How profound it must have been for my Nonno to hold my newborn mother, and later my aunt and two uncles in his arms for the first time. I can relate to it having two daughters myself. How proud he must have been, as I was for those first few moments of life.
A former soldier, he was a stern father and hard laborer. He held dearly his heritage but wanted more for his family. In the late ’60s, he moved them all from Bari, Italy to Cleveland, Ohio, to the United States, to the land of freedom and opportunity.
I knew him as a diligent man and doting grandfather. He and my Nonna would watch over me while their own children grew up and my working mother dealt with being a widow at an early age. How he must have cried for her at night.

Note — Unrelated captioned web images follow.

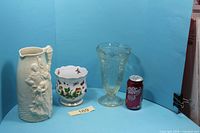 Group shot of vase, planter, pitcher with soda can for scale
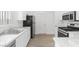 Clean kitchen, featuring stainless steel appliances and white cabinets at 5125 Coral Beach St, North Las Vegas, NV 89031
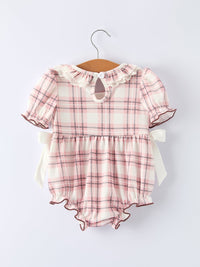 Pink plaid baby girl romper with ruffled collar, puff sleeves, side bows, and smocked bodice featuring western ranch style details.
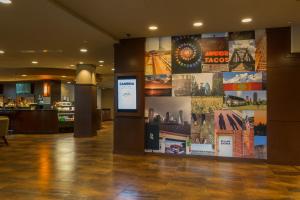 a lobby with a large wall with posters on it at Cambria Hotel Plano - Frisco in Plano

He was loyal to the Teamsters, his Italian-American club, St. Rocco Parish and his many friends and family. As I grew older, I came to know this man that would drive me to school and soccer practice as a wise, compassionate, generous soul who would always find a $20 bill in his pocket when I needed gas money and he knew I was too proud to ask.
I get my pride from him, I know I do. My temper, too. But as I watched him grow to become a quiet and humble man, I learned to relax and enjoy the simpler things in life. This was largely because of him. He tended to his garden, made his own wine, cured his own meats. Even in old age, he kept his health in check for my mom’s sake, and limited the fender benders on the way to see his wife in the mausoleum to a minimum.

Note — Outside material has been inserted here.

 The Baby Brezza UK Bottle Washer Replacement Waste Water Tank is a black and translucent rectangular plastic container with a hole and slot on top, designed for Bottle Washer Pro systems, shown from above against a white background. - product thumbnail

For him to see all of his children marry, my cousins and my own girls born, and my aunt adopt a daughter of her own. To be so far away from his beloved family back in Italy. To be married to his beautiful Anna. To live with her suffering. To see our family through sickness. To watch his own children mature and become hard workers, good spouses and loving parents. To watch me become a responsible adult. And not screw it up. At least not too much.

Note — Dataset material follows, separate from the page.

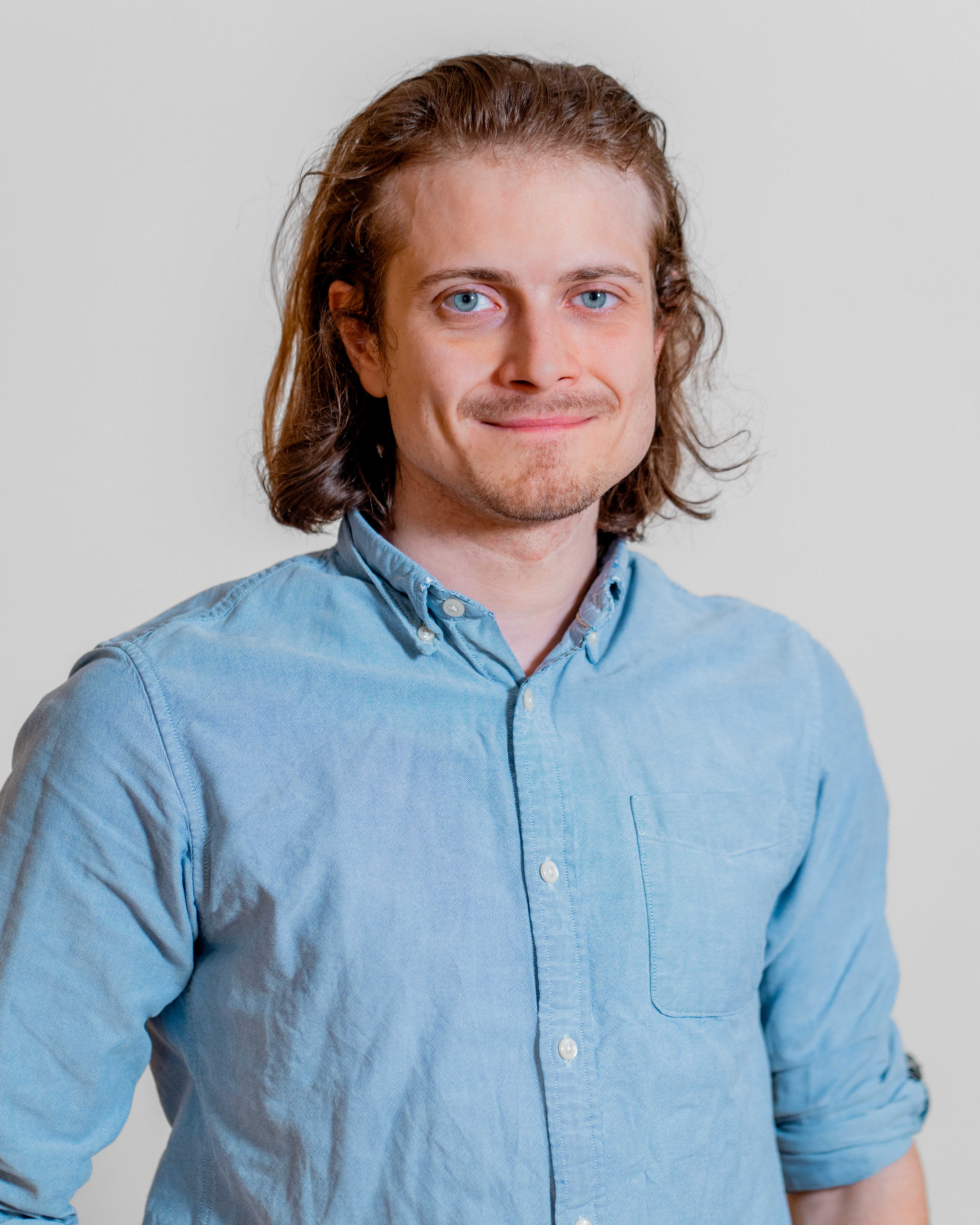 Portrait of Jan Winther, a ServiceNow professional, wearing a light blue button-down shirt.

For him to dance with my wife at our wedding.
He was so proud of me. So very proud. My mom always told me that. He just wanted to know that I was okay, that nothing was wrong and everything was right. That I had a good job, a house, a good home for my own family. That I would become a loving father, just like the one he met and I never knew.
If something was good, he would declare it good. If something was no good, he would simply say, “No good, Dino.” Whenever I bought a new car, he would admire it more than me. He was a GM man. “Dino, time come you go wanna buy car, you buy Chev-ro-let. I drive Chev-ro-let. That ‘a nice ‘a car, now. Other cars shit.”
I never did get to show him my new Chevy. But I did get to watch him sit on my deck early this spring, staring at the birds, the morning sun bearing on his ripened face. A little espresso, maybe a John Wayne movie he could barely understand anymore, a nap in a chair and he was happy.
What I wouldn’t give to be 8 again and fiddle with tools in his basement. Or play Gin Rummy with him in his dining room back home. Even to have just said goodbye and that I love him, one last time, and that I am so very proud of him.
Antonio Ranieri, my Nonno, died peacefully early this morning in Cleveland. He was 91.